On Thu, Apr 19, 2001 at 01:33:16PM -0700, Karsten M. Self wrote:
> on Wed, Apr 18, 2001 at 04:13:03PM -0500, will trillich (will@serensoft.com) wrote:
> > i'm thinking of making this a VPN or NAT box only, no user
> > interaction whatever. surely we don't need lots-o-fancy packages
> > & such just to forward net packets...
> 
> What do you mean by "no user interaction"?  No user system
> configuration?  To be useful, a computer is almost by definition,
> user-interactive.  Or do you mean "VNC" rather than "VPN"?

no. vnc is "point from there, send click to here." and "here's a
window for you, all the way from mom's basement."

vpn is "i'll fold that packet up, sir, and send it over yonder
where a similar butler will unfold it and pretend it's all on one
big happy local area network".

rather than have a mongo-kahuna debian install just to forward
vpn packets from subnet to subnet, i'd like to get cheapo
cpu and mobo and cd-rom drive and diskette drive (for ip number
settings). no hard drive needed. or desired.
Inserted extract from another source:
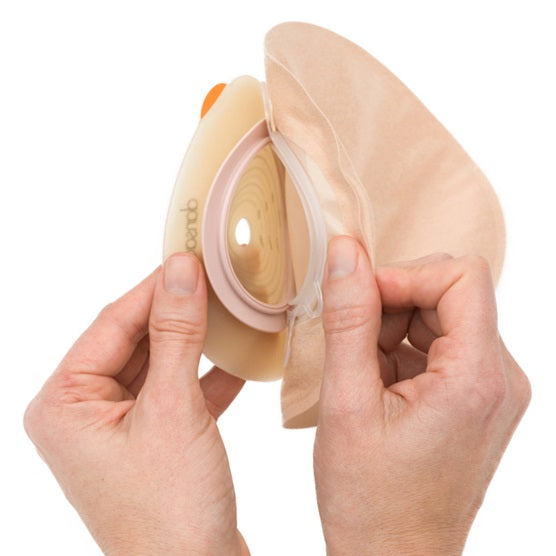 Ein Produktbild zeigt die Dansac Nova 2 Basisplatte mit einer ovalen Form. Die Basisplatte ist in einem neutralen Hautfarbton gehalten und ihre Oberfläche wirkt glatt und leicht glänzend. In der Mitte der Platte gibt es einen runden Ausschnitt, der für die Verarbeitung bei Stoma-Patienten konzipiert ist. Um den Ausschnitt sind Bemaßungen zu sehen, die die Maße von 55 mm, 40 mm und 47 mm angeben. Der Hintergrund ist hell und sorgt dafür, dass die Produktdetails klar und gut sichtbar sind.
> I gather that these are user-based systems.  I'd aim toward something
> that's faster-responding (people hate latency).  For a compute farm,
> latency matters far less than throughput, and the fully diskless model
> works much better.

not user-based, which would require user interaction. :) these
puppies will listen for net packets and forward them to other vpn
socketholeplugins Out There on the public net.

just want whatever packets from, say, 192.168.12.47 in LAN one in
Poughkeepsie, to be forwarded through the world wide web to
192.168.12.93 which is in Dubuque, but which appears to be
instead just down the hall (right next to the ladies' room).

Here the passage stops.